Exercise details – The material below holds pictures; leave them out, and copy exactly, and only, the lines from the one with "WI license plate 268XSU" through the last.

Data provided –
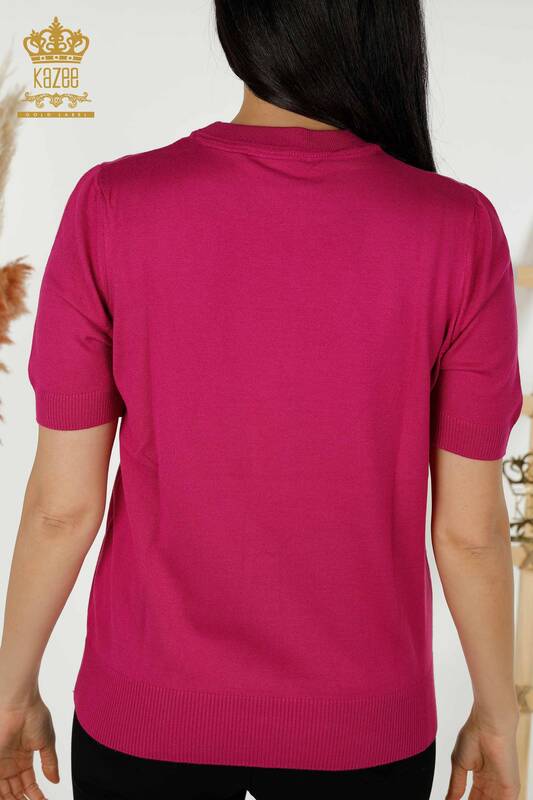 Женский трикотажный свитер оптом - Базовый - Логотип - Темная фуксия - 30254 | КАZEE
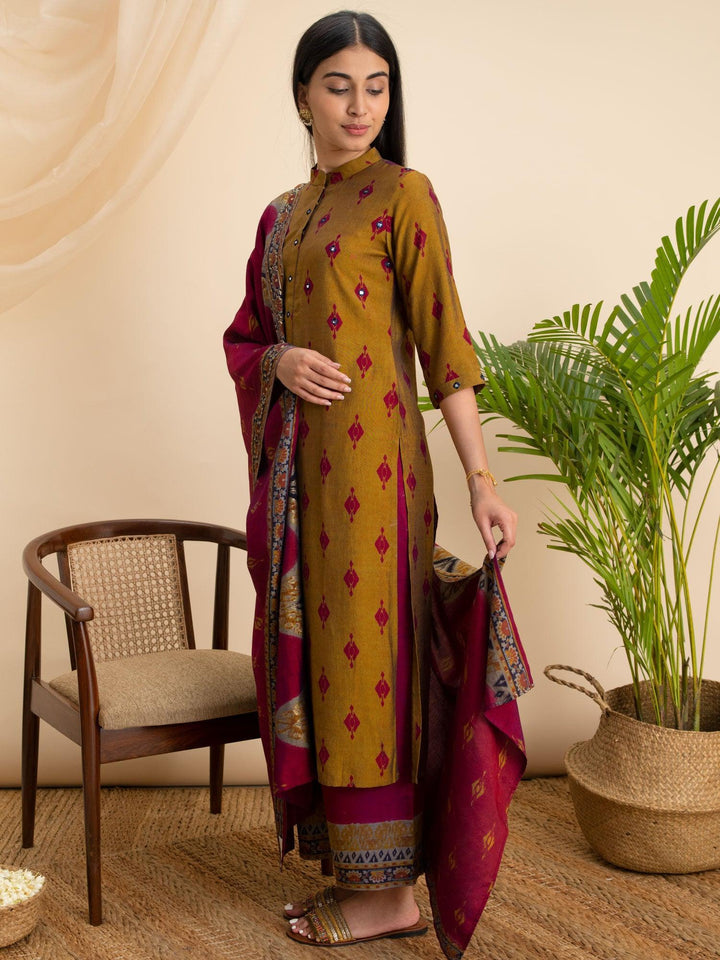 Mustard Printed Rayon Suit Set - ShopLibas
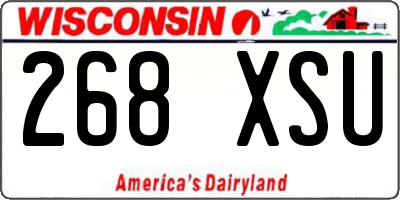 WI license plate 268XSU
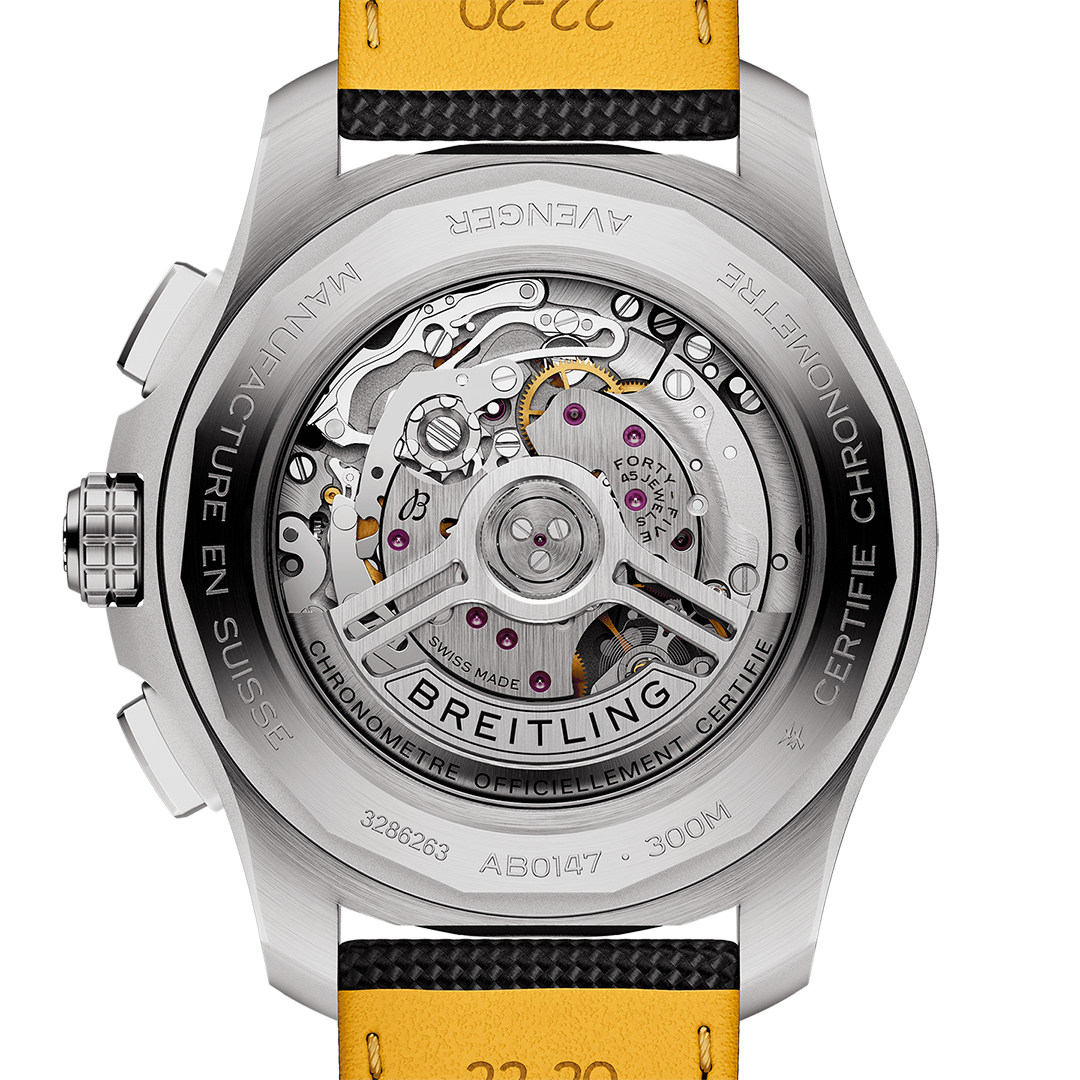 Breitling Avenger B01 Chronograph 44 Watch with Calfskin Leather Strap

Answer to the exercise –
 WI license plate 268XSU
 Breitling Avenger B01 Chronograph 44 Watch with Calfskin Leather Strap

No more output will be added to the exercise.